Wednesday, December 28, 2022

Mr. Hoffmann and Mr. Baum

 When people discuss the classic young female heroines of fantasy literature, they usually get down to three: Alice from Lewis Carroll's Alice stories, Dorothy Gale from the Oz books, and Wendy Darling from J.M. Barrie's Peter Pan. There's others who could make the cut (Betsy, Trot and Ozma could back up Dorothy), and some get ignored, whether for near obscurity (Anthea and Jane from E. Nesbitt's Five Children and It), and others are left out due to copyright concerns (Jane and Barbara Banks from the Mary Poppins stories, Susan and Lucy Pevensie from The Chronicles of Narnia), but there's one before Alice who routinely gets ignored: Marie Stahlbaum.

Marie is from E.T.A. Hoffmann's The Nutcracker and the Mouse King, originally published in 1816. Maybe Marie doesn't usually get lumped in because the story was originally written in German and all the others are written in English. Or perhaps as the story opens at Christmas, it gets considered a Christmas story while the others aren't necessarily tied to a holiday. And there's also the fact that the public at large is less familiar with the original text than they are a highly streamlined version of the story that gets adapted into countless ballet variations every year.

Wait, the original text gets ignored for a popular streamlined adaptation? Oz fans, we know the feeling.

Interestingly, there's several parallels with Oz. Alexander Volkov rewrote The Wonderful Wizard of Oz in Russian as The Wizard of the Emerald City, naming characters Baum hadn't and changing names. Similarly, Alexandre Dumas (yes, the Three Musketeers guy) rewrote Hoffmann's story in French as The History of a Nutcracker. The Nutcracker prince got the name Nathaniel (yes, Hoffmann didn't name the title characters, Baum also didn't name the Wizard until Dorothy and the Wizard in Oz), and Marie's family name was changed to Silberhaus. Dumas' version helped launch the story into wider consciousness and is the version the ballet was based on.

In the original production of the ballet, Marie's name was changed to Clara for the first time, carrying over into later adaptations of the story. I suspect it was to prevent any connection drawn to the daughter of librettist and choreographer Marius Petipa, the famous ballerina Marie Petipa. In Hoffmann's original story, Clara is the name of a doll Marie gets for Christmas. Some claim the name gets swapped between them, but I've only seen one adaptation of the Nutcracker have the doll named Marie when our heroine is named Clara. (Disney's recent takes on the story find ways to use both names.)

Regardless of the name, Marie (as I'll call her) is explicitly said in the original text to be only seven years old when the main action of the story takes place. This makes her the same age as Alice, and around the same age a lot of readers assume Dorothy is on her first adventure in Oz.

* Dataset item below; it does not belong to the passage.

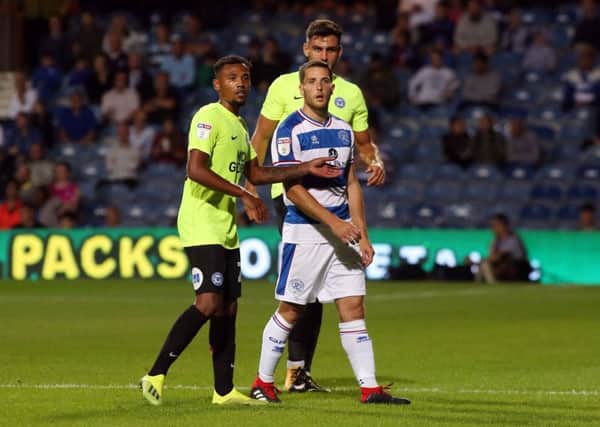 Conor Washington of QPR  is marked by Tyler Denton and Ryan Tafazolli of Peterborough United in a Carabao Cup match earlier this month. Picture: Joe Dent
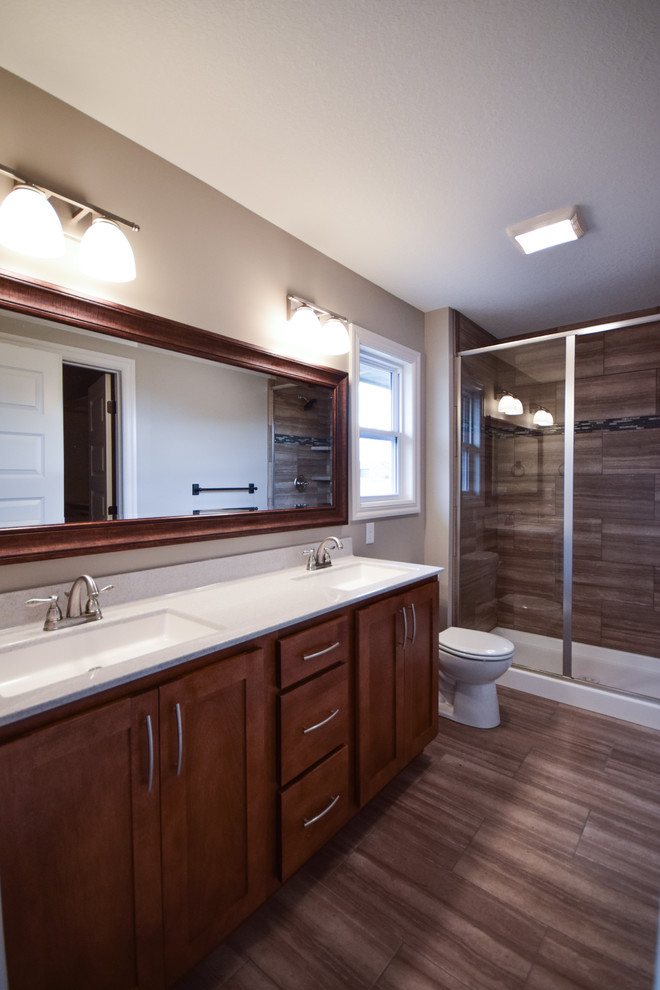 Imagen de cuarto de baño tradicional renovado con armarios estilo shaker, puertas de armario de madera oscura, ducha empotrada, baldosas y/o azulejos marrones, paredes beige y lavabo bajoencimera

It is well known that Alice was named for Alice Liddell, a girl that Lewis Carroll was friendly with. It's also believed that Baum named Dorothy for his late niece, Dorothy Gage. Just like them, Marie and her brother Fritz were named for Marie and Fritz Hitzig, children of a dear friend of Hoffmann's, Julius Eduard Hitzig. It's believed that he expressed himself through the mysterious Godfather Drosselmeyer, who presents the the Stahlbaum children with an elaborate clockwork castle. In real life, Hoffmann created a cardboard castle for the Hitzigs while spending the holiday with them. Then the next year, he delighted them with his new story inspired by the festivities.

Similar to Baum, who tried to improve on The Wonderful Wizard of Oz (although it became his claim to fame), Hoffmann took to heart much of the criticism of The Nutcracker and the Mouse King, later producing The Strange Child. Both stories appear in his collections The Serapion Brothers, in which his stories are presented with a framing device of writers who share their stories with each other and critique them. (English translations of The Serapion Brothers, save print on demand affairs, are long out of print with publishers favoring new translations of selected Hoffmann stories. Luckily for us, we have Project Gutenberg to give us Alexander Ewing's serviceable if outdated translation.) Hoffmann has the other writers call out some of the story's weaknesses.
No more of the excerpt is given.